« Une femme à deux maris », c’est le recueil de deux pièces de théâtre que nous offre Cosme OROU LOGOUMA, jeune auteur dramaturge au talent certain. Plus encore que cette première de couverture aux couleurs attrayantes et multiples représentant une femme vêtue d’habits traditionnels et parée de ses plus beaux bijoux, l’auteur nous invite à travers ses deux pièces, à un voyage dans l’histoire du célèbre royaume de Nikki, mais aussi dans les arcanes de la politique politicienne qui mine nombre de pays africains et donc y compris notre pays le Bénin.

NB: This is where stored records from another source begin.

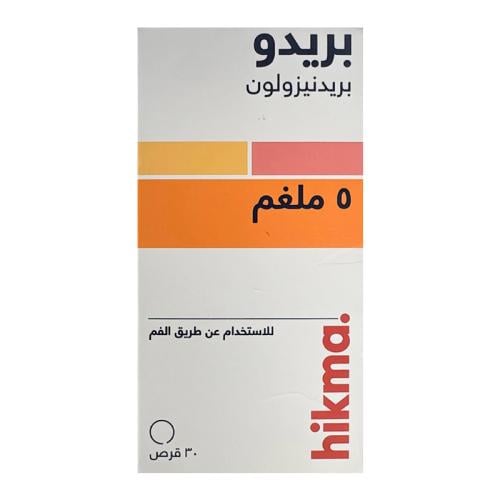 PREDO 5MG 30TAB
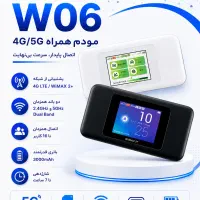 مودم همراه هواوی W06 همراه با کارتن و کابل شارژ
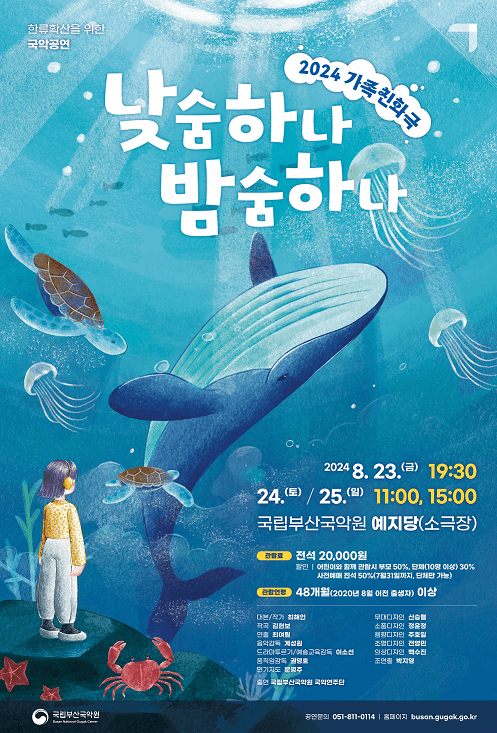 낮숨 하나, 밤숨 하나 [부산]
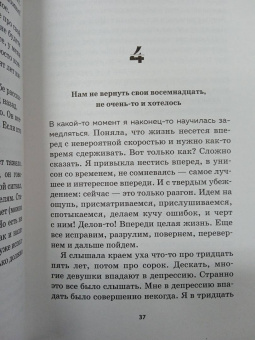 Елена Ронина: Лучшая версия меня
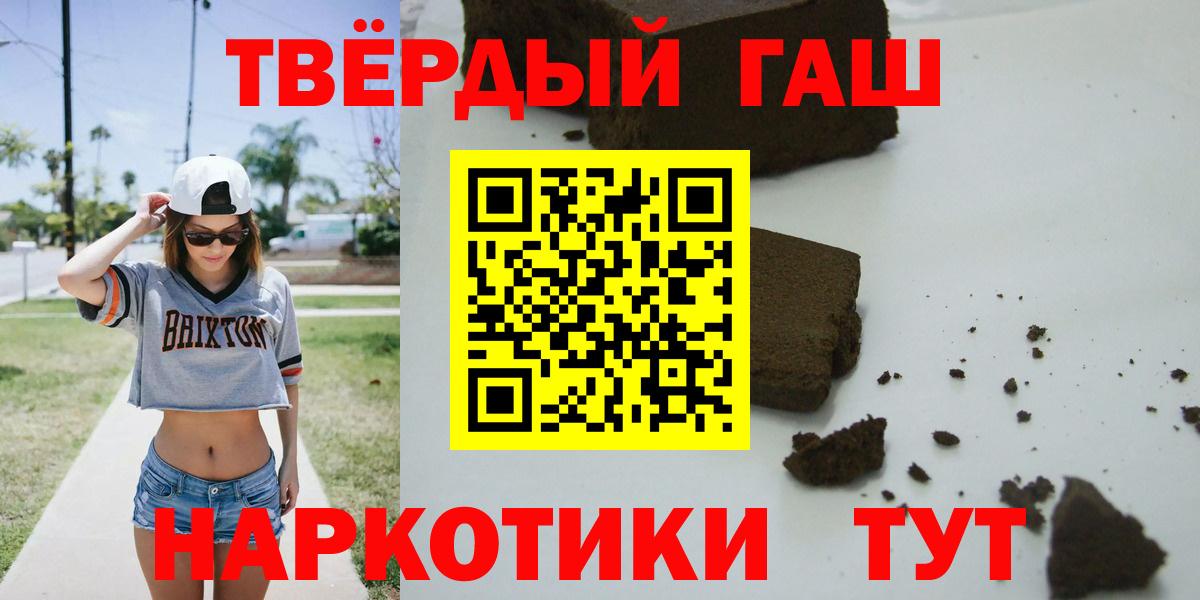 ГАШИШ Cannabis  ГАШ  Гашиш убойный  Кировск  Вход с VPN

« Une femme à deux maris », la première pièce qui donne son titre au recueil, présente quatre carrefours. Des actes à travers lesquels le lecteur passe de la surprise à l’étonnement, du doute à la désillusion, pour finir par tomber des nues. En effet, dans nos sociétés où la polygamie demeure seule admise, il est impensable, voire inconcevable qu’une femme s’arroge le droit de posséder deux maris. Et pourtant l’auteur s’y risque avec une discrète aisance.

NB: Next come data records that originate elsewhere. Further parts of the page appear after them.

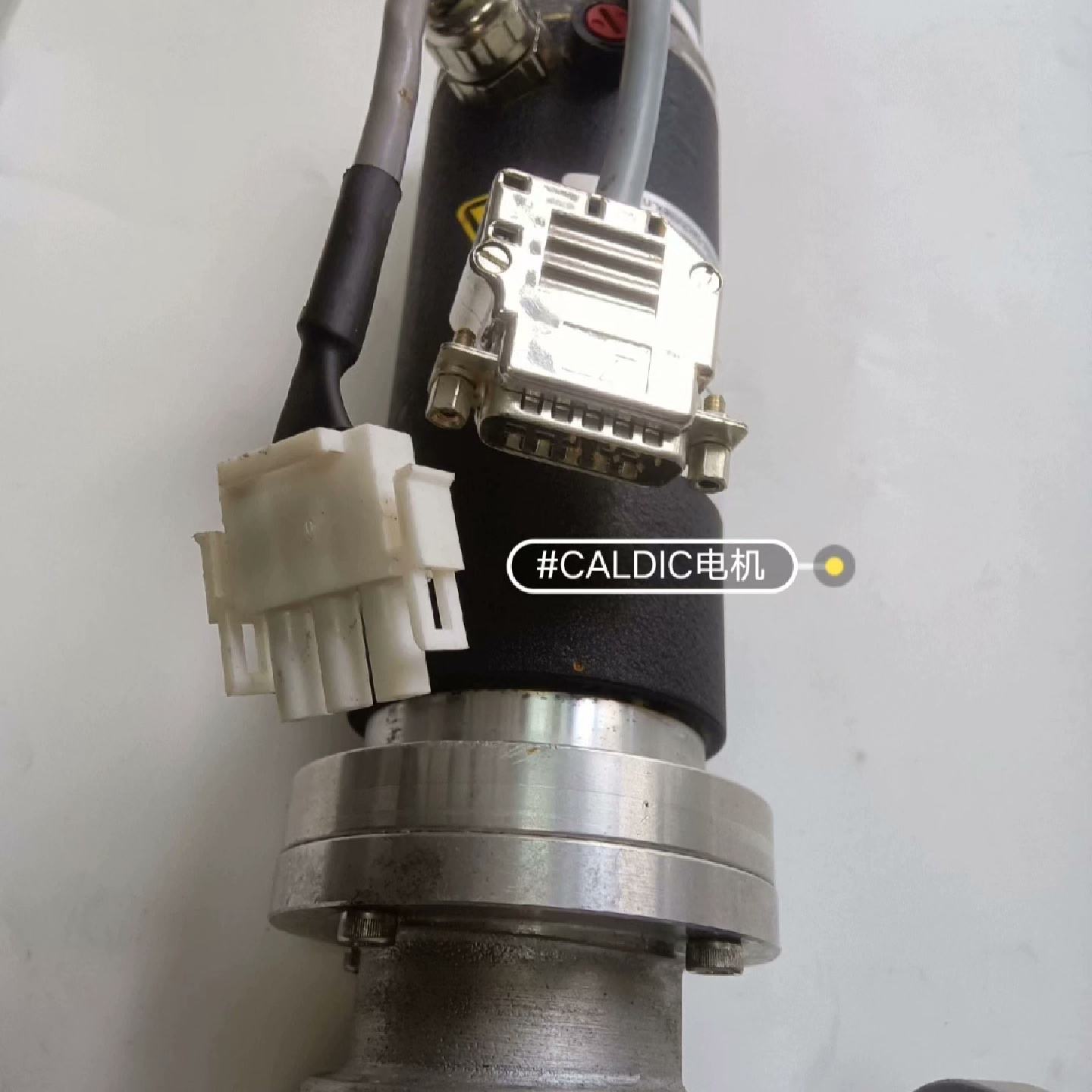 二手拆机CALDIC电机S2431B加减速机一套插头--议价商品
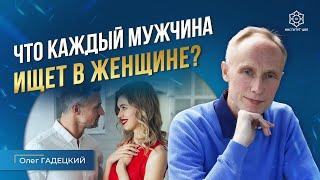 Таких женщин любят вопреки всему! Как мужчина понимает, что нашел ту самую? Как стать желанной?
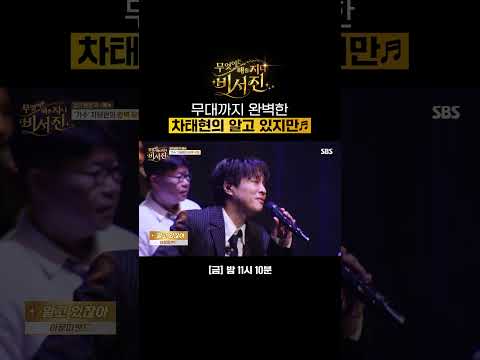 이서진이 극찬하는 my스타 <strong>차태현</strong>?! 프로 가수 차태현의 완벽한 무대🎤 | 무엇이든 해줄지니 - 비서진 | SBS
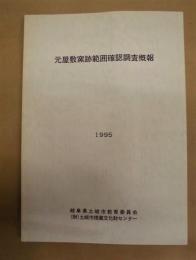 元屋敷窯跡範囲確認調査概報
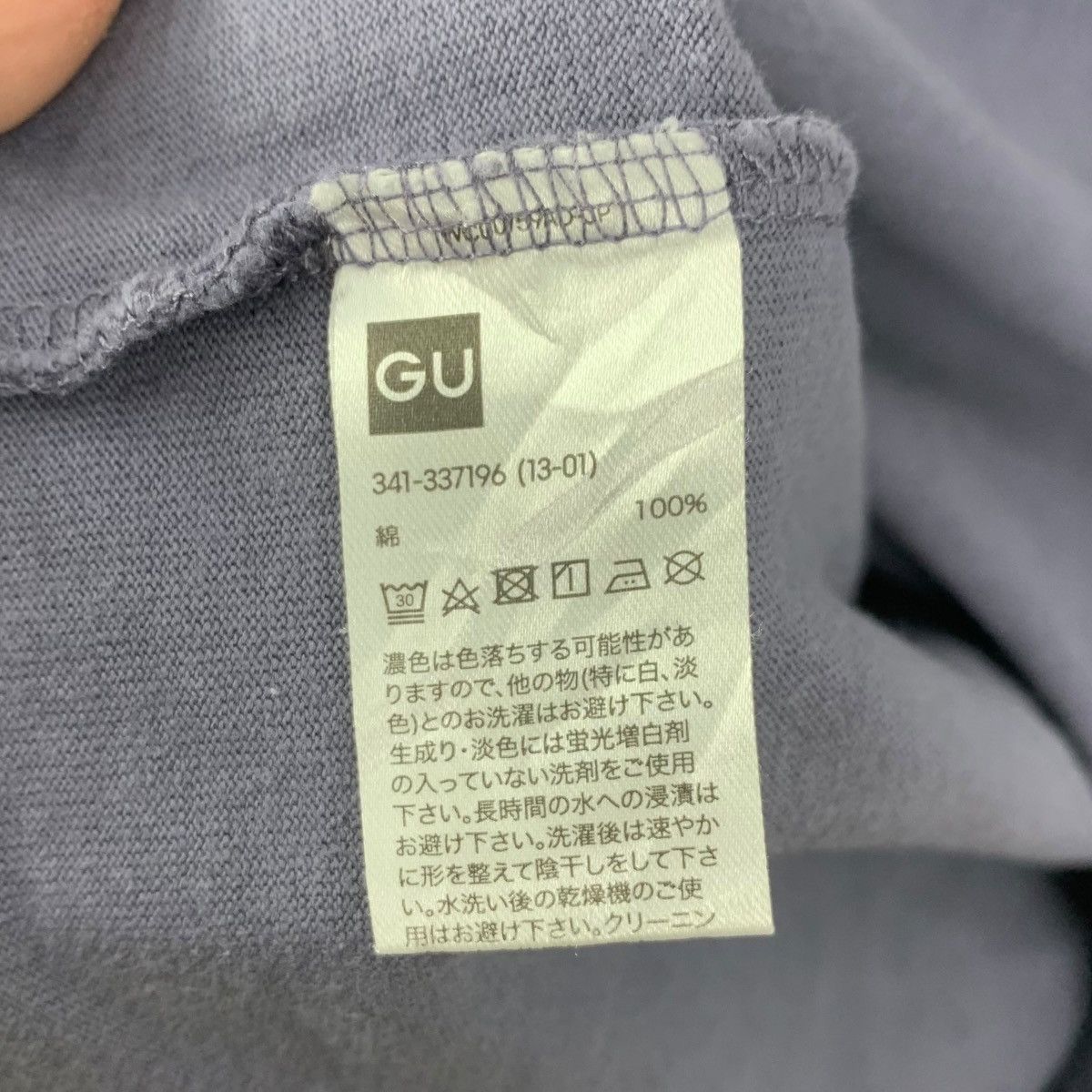 GU TONY HAWK x GU Skateboard Art Form Embroidered Tee Shirt Size US S / EU 44-46 / 1 - 7 Thumbnail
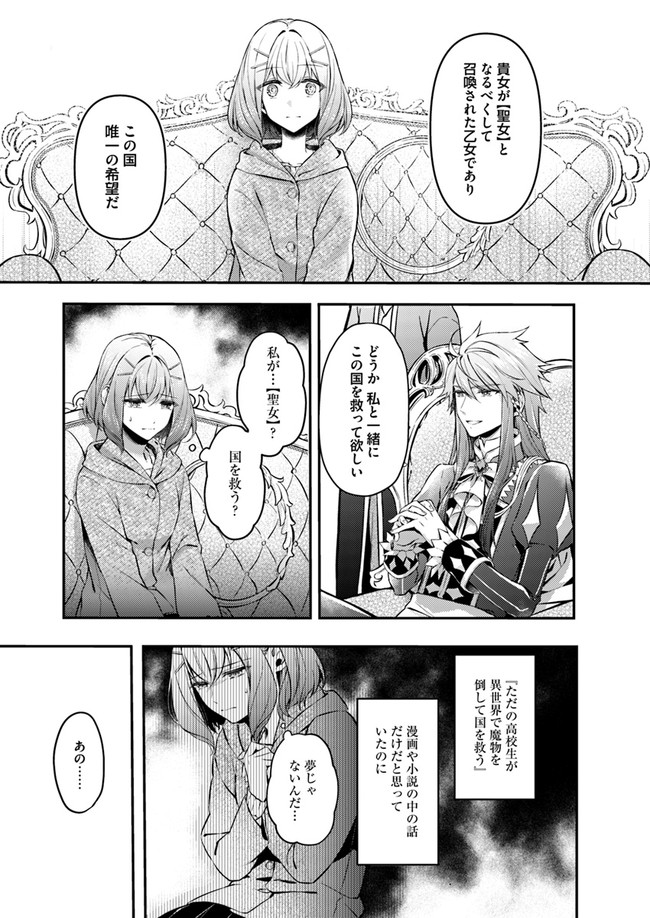 聖女の魔力は万能です～もう一人の聖女～ 第1.1話 - Page 11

Une polyandre au Bénin qui plus est au cœur du royaume célèbre de Nikki ? Voilà qui suscite de multiples interrogations et pousse le lecteur à partir à la découverte de cette pièce qui met en scène quatre personnages aux tempéraments divers et variés mais tellement réalistes ! Ahovi, la princesse Fon intelligente et traitresse, Lafia traditionaliste et déterminé, Tamou l’amoureux transit, tous deux princes Bariba issus de deux branches dynastiques différentes, et une voix, celle du Balazon, le griot, mémoire de l’histoire et de la civilisation baatonu. Ahovi est l’épouse du Prince Lafia depuis 15 années. Le prince Tamou cousin de Lafia, rêve d’occuper le trône royal laissé vacant depuis la mort du Roi. Sur son chemin se dresse pour la seconde fois, le prince Lafia lui aussi prétendant au trône de Nikki, lui, qu’avait préféré Ahovi au détriment de Tamou.

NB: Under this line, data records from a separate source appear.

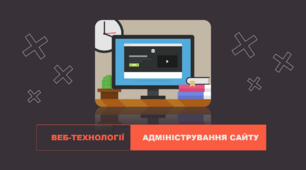 Адміністрування сайту. HTML. Системи керування вмістом веб-ресурсів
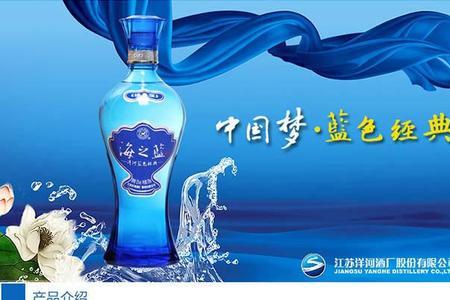 洋河酒瓶盖标志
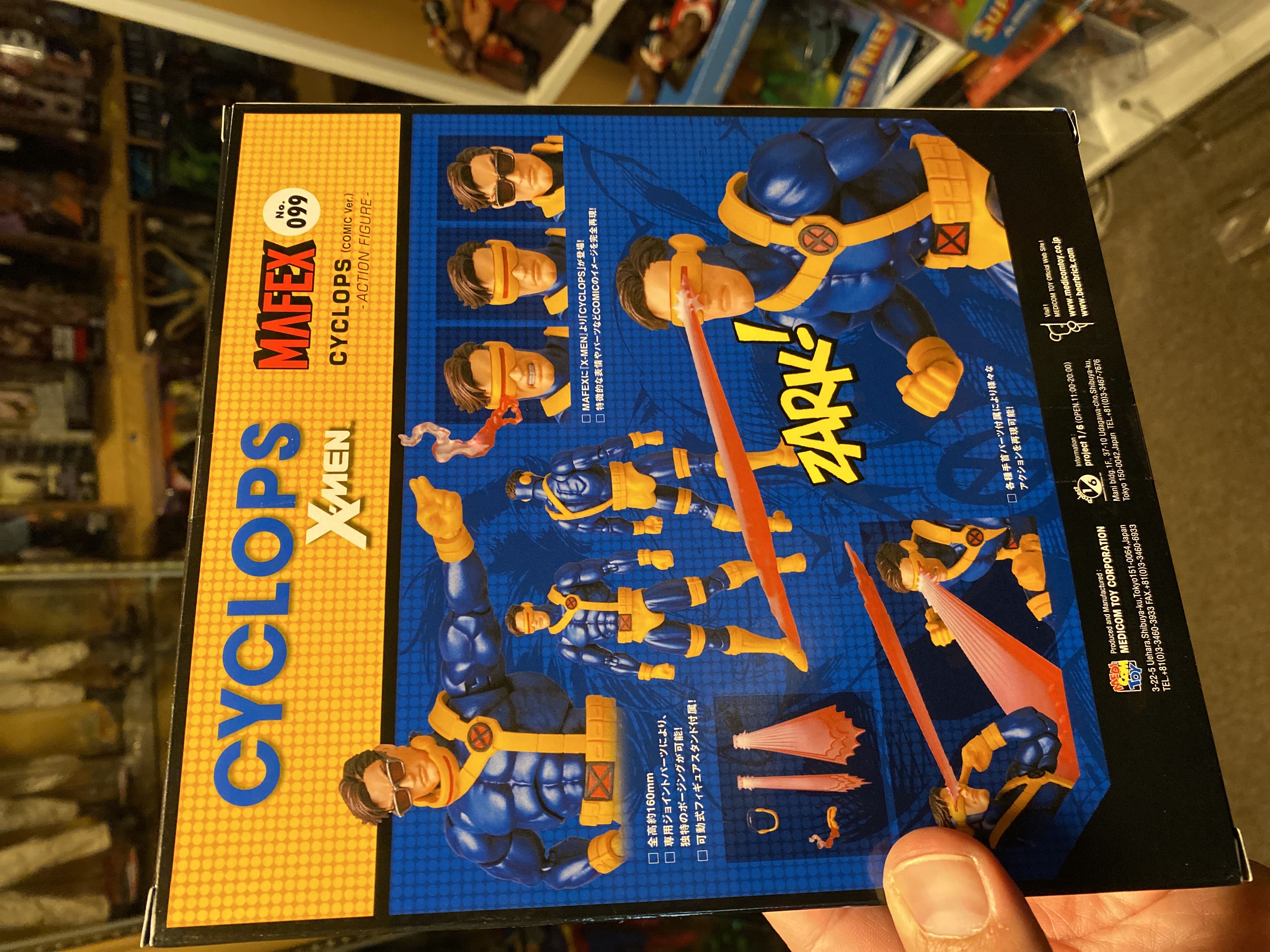 Mafex No. 099 - Cyclops (Comic Version) - Medicom Toy Corporation (X-Men) action figure collectible [Barcode 4530956470993] - Main Image 2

A travers cette rivalité, l’auteur retrace et peint avec brio l’histoire du royaume de Nikki, et surtout le mode de succession au trône ; non pas tel que nous le connaissions jusqu’alors. Et c’est là toute la valeur et la dimension nouvelle que revêt cette pièce. L’auteur s’est aussi intéressé à la langue dans lesquelles se pratiquent les rites et rituels dans ce royaume… et il ne s’agit pas de la langue Baatonu, mais le Boo. Si le royaume de Nikki est considéré et réputé bariba, pourquoi ces rites et rituels majeurs se font dans une autre langue, celle Boo ? Quelle est alors la place des Boos dans l’histoire de Nikki ? Des interrogations auxquelles le lecteur trouvera réponse au bout du dernier carrefour, acte final dans lequel les deux princes rivaux, Lafia et Tamou, face à la traitrise de Ahovi, mettront de côté cette vieille rivalité pour se donner la main, pour sauver le plus important, le royaume, non sans nous rappeler qu’il n’y a pas cinq dynasties à Nikki comme on nous l’a toujours enseigné à l’école, mais bien une seule. Comment ? Il faut le découvrir dans les pages de cette belle pièce au bout de laquelle le lecteur regrette presque que ce soit déjà fini… A la suite de la première pièce historique qui suscitera débats, la deuxième pièce de ce recueil, « Otages », s’attaque aux manigances politiciennes, à tous ces maux qui minent et rythment le pouvoir. Ici c’est Wowoué qui à l’image du peuple, est pris en otage, par Dado. Au nom de l’amour qu’elle lui éprouve, elle veut le posséder. Mais à l’instar de nos politiciens qui tiennent des discours mielleux pour endormir le peuple, Dado cache un dessein inavoué et une fin tragique à son amoureux. Avec pour trame de fond l’amour, l’auteur présente à travers ce recueil, deux pièces distinctes et pourtant si complémentaires, deux tableaux, pans de notre société béninoise. A nous de les lires, les découvrir et les interpréter. Nul doute, cela fera couler encre et salive.